Juciano Lacerda começou brincando: “Quando peguei teu trabalho para ler me deu vontade de jogar na tua cabeça”. Disse também que se não fosse convidado para a banca, ficaria chateado, já que conheceu a idéia de Rodrigo desde o esboço. Embora concordasse com a colega Maria Elisa quanto aos excessos cometidos, Juciano não pôde negar que o acadêmico fez um ótimo trabalho.
Acompanhados pelo orientador os componentes da banca deixaram o espaço. A ansiedade permeou o ambiente durante o tempo em que estiveram fora. Quando voltaram, Silnei pôs-se à frente, explicou as alterações que deveriam ser feitas e anunciou, dirigindo-se à Rodrigo: “Embora você tenha pecado por excesso, nós achamos que é melhor pecar pelo excesso do que pela falta”. Ele recebeu nota 10 pelo trabalho. A primeira nota 10 desta semana de monografias. Rodrigo roubou a cena.

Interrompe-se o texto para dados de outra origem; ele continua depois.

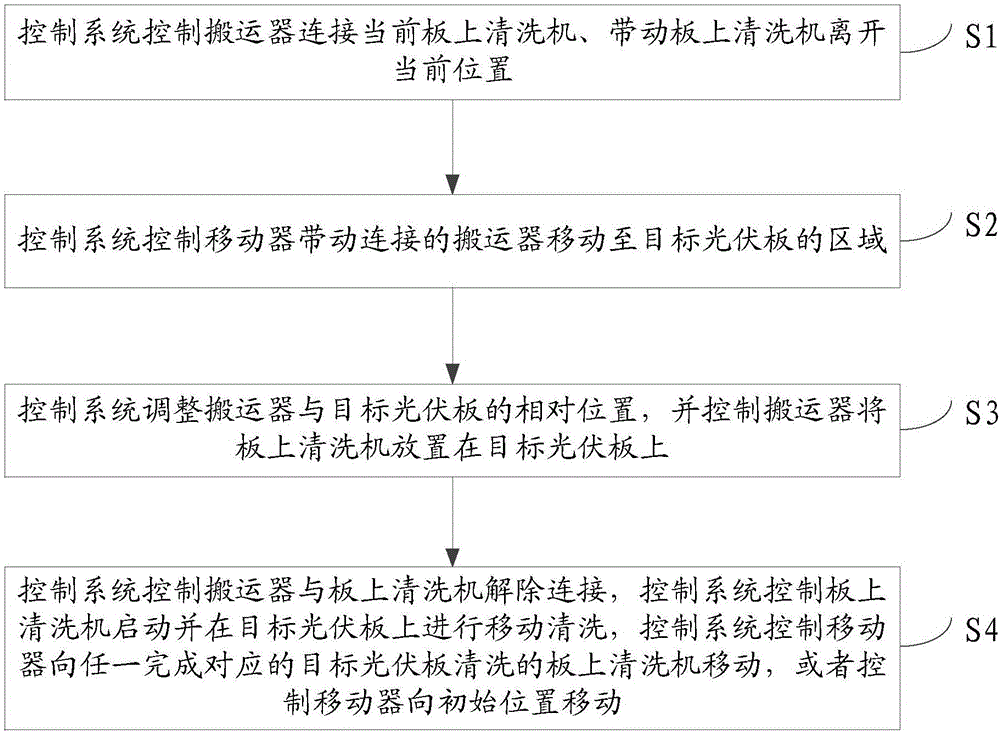 Photovoltaic array cross-panel cleaning method and device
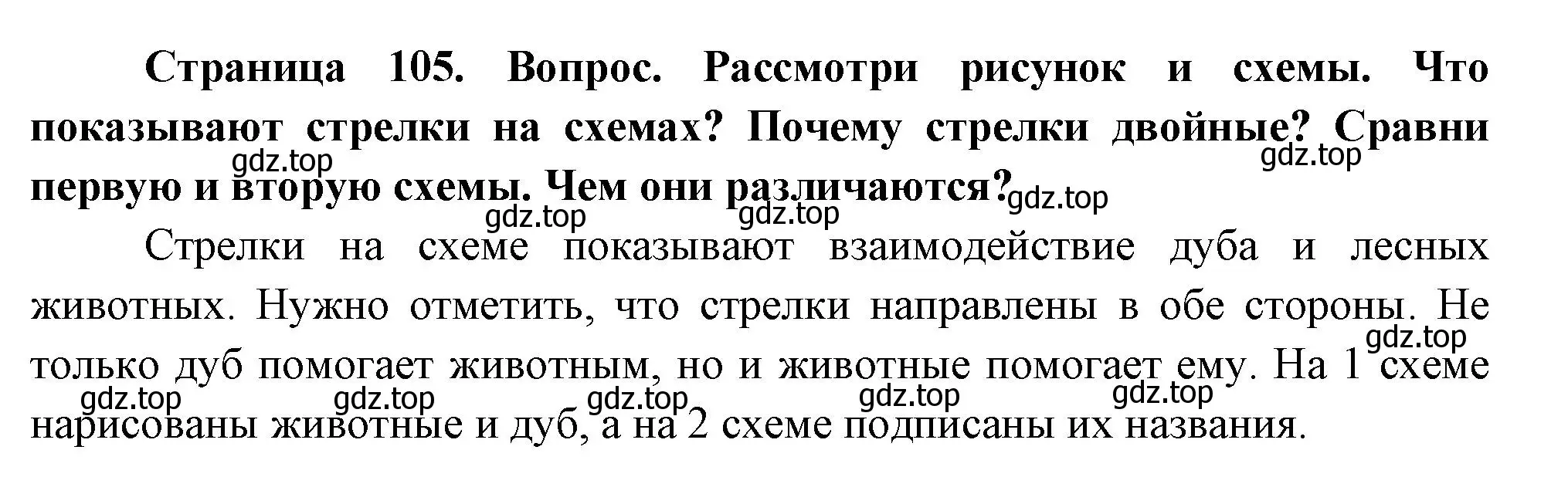 Решение номер 1 (страница 105) гдз по окружающему миру 2 класс Плешаков, Новицкая, учебник 1 часть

O acadêmico não esperava tirar 10, justamente por ter consciência dos excessos que havia cometido. “É sempre bom o reconhecimento de um trabalho”, comentou. Ele considera as argüições como a parte mais importante do trabalho. Segundo ele, a defesa não serve para receber elogios. “Os avaliadores têm o papel de apontar outros caminhos”. Rodrigo conversará com seu orientador sobre as alterações que farão na monografia. Ele teve a idéia de trabalhar com o tema pirataria quando estava no 2º ano da faculdade, porém os últimos seis meses foram de trabalho incessante. O acadêmico trabalhou todos os capítulos ao mesmo tempo. “O trabalho começou a tomar forma nos últimos dois meses”, completou.
Silnei Soares mostrou-se orgulhoso. A monografia teria 30 páginas a mais se o orientador não as tivesse “cortado”. Segundo Silnei, a paixão do acadêmico pelo tema não atrapalhou na hora de produzir o trabalho. “O dez foi merecido e não gratuito”, disse Silnei.